Validate what will appear on your certificate before sending it to a Certificate Authority (CA). Detect a missing SAN, a weak key, an outdated algorithm, or dubious IDN encoding. Save time during onboarding or renewal by reading the useful fields right away.
What is a CSR?
A Certificate Signing Request is a PEM-format text file containing:
- Your public key (RSA or EC)
- Identity information: subject (CN, O, OU, L, ST, C) and SANs
- A signature made with your private key to prove possession
The CSR is sent to a CA (Let's Encrypt, DigiCert, GlobalSign, Sectigo...) which issues the certificate if validation passes (DV, OV, or EV).
When to generate a CSR?
| Use case | Description |
|---|---|
| New certificate | Creating a TLS certificate for web server, API, MTA |
| Renewal | Renewing an existing certificate with a new key pair |
| Adding SANs | Adding a new subdomain or FQDN to the certificate |
| RSA to EC migration | Switching to EC key for better performance |
| Standardization | Harmonizing fields across a heterogeneous infrastructure |
What should a good CSR contain?
Required fields
- SAN (Subject Alternative Names): list of all covered names, including the bare domain if needed. Without SANs, many CAs will reject.

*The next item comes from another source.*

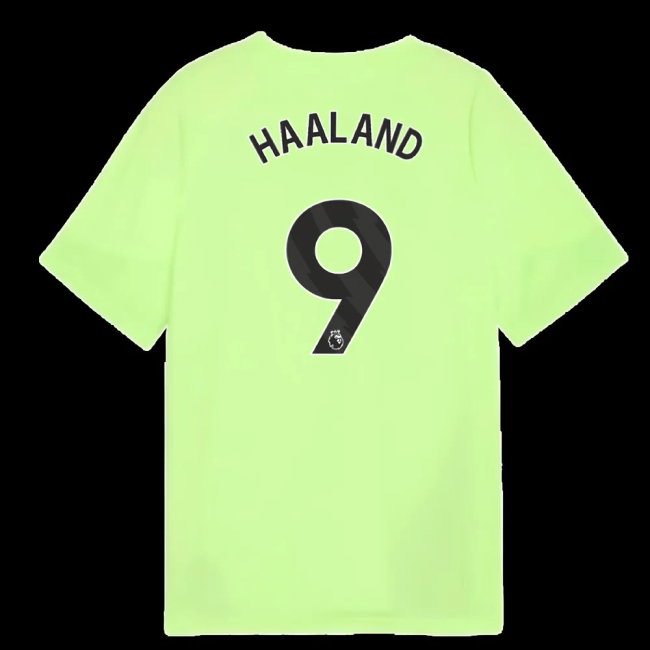 2025-2026 Man City Training Jersey (Fizzy Apple) - Kids (Haaland 9) — Shop Now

- Public key: RSA 2048 bits minimum (ideally 3072) or EC P-256/P-384
- Signature: SHA-256 recommended (SHA-1 rejected)
Optional fields
- Subject CN: often ignored by modern CAs, but keep it for compatibility
- O, OU, L, ST, C: useful for OV/EV, unnecessary for DV
- Key Usage / Extended Key Usage: depending on your specific needs
Important: A CN alone is no longer sufficient. SANs are mandatory for most CAs.
OpenSSL examples
RSA 3072 CSR with SANs
san.cnf file:
[ req ]
prompt = no
distinguished_name = dn
req_extensions = v3_req
[ dn ]
CN = www.example.com
[ v3_req ]
subjectAltName = @alt
[ alt ]
DNS.1 = www.example.com
DNS.2 = example.com
Command:
openssl req -new -newkey rsa:3072 -nodes -keyout site.key -out site.csr -config san.cnf
EC P-256 CSR with SANs
openssl ecparam -name prime256v1 -genkey -noout -out site.key
openssl req -new -key site.key -out site.csr -config san.cnf
Internationalized Domain Names (IDN)
Use punycode (xn--...) in SANs to avoid encoding surprises.
Common errors
| Error | Impact | Solution |
|---|---|---|
| Missing SANs | Certificate covers fewer names than expected | Add all domains in the [alt] section |
| RSA 1024 or SHA-1 | Likely rejection by CA | Use RSA 2048+ and SHA-256 |
| Private key exposed | Security compromise | Never paste private key online |
| Incorrect IDN encoding | Domain not recognized | Use exact punycode |
| Wildcard without bare domain | *.example.com doesn't cover example.com | Add both in SANs |
Best practices
- Generate key pair server-side and keep private key off any shared system
- Prefer EC P-256/P-384 or RSA 3072+ for new deployments
- Limit the SAN list to what is actually needed
- Keep a log: date, subject, SANs, key size, responsible person
- Test the CSR after generation to avoid back-and-forth with the CA
Privacy
Your CSR is sent to the CaptainDNS API only to be decoded and displayed. Content is not stored. No field is logged in clear text. Only anonymous technical metrics are recorded (processing time, size, key type, algorithm) for availability monitoring.